WHAT TO WORK ON:
Print every record exactly, omitting all pictures.

RECORDS FOR THE EXERCISE:
_ _ _

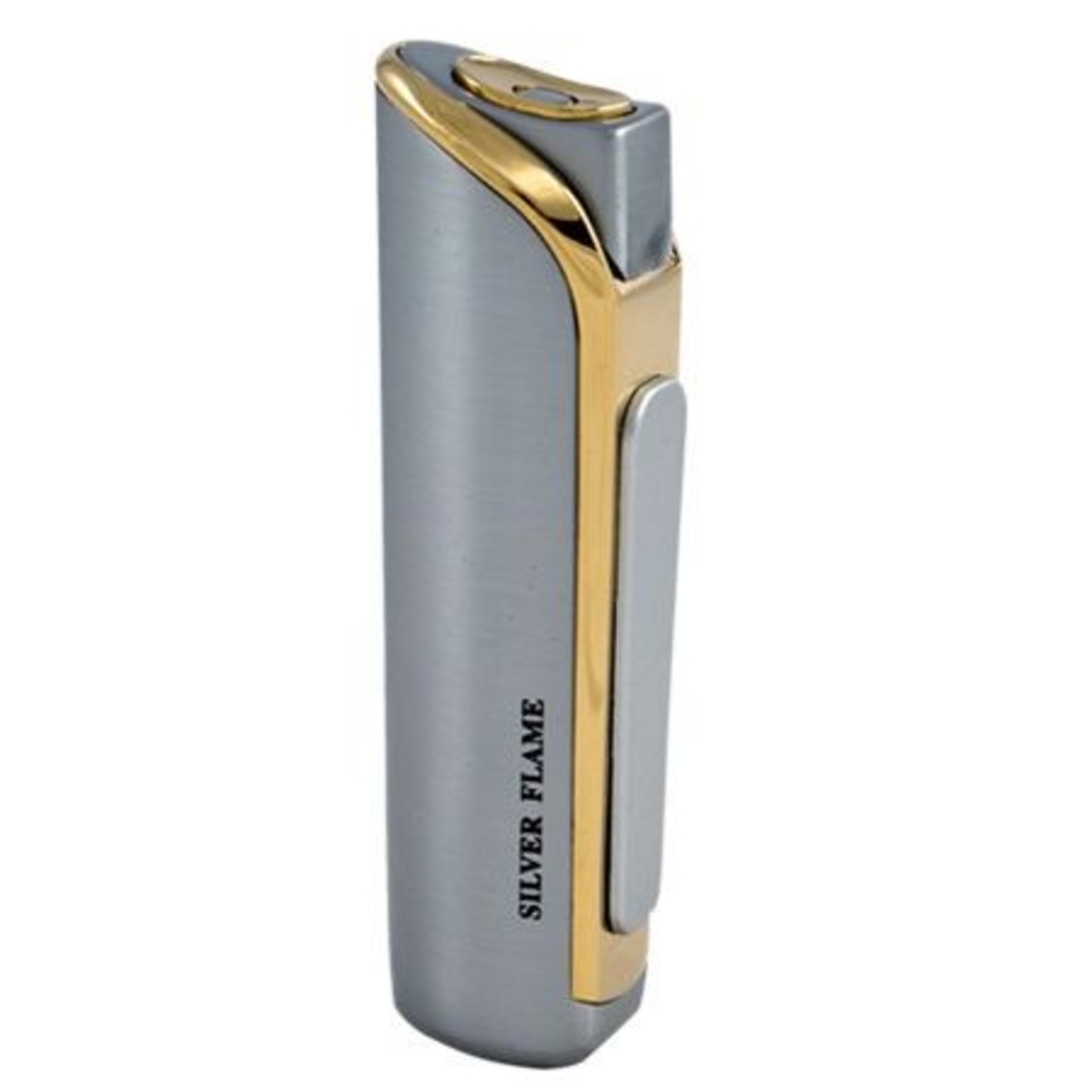 Запалка POD225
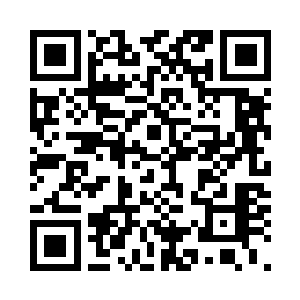 至于姜次辅……我看他对政务更上心二维码生成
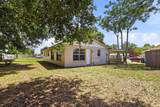 1729 Flores Court - Photo 35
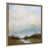 Gold Framed selected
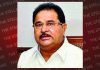 Possible third wave of Covid-19, Soni orders 40,000 daily testing in Punjab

_ _ _

SOLUTION TO THE PROBLEM:
 Запалка POD225
 至于姜次辅……我看他对政务更上心二维码生成
 1729 Flores Court - Photo 35
 Gold Framed selected
 Possible third wave of Covid-19, Soni orders 40,000 daily testing in Punjab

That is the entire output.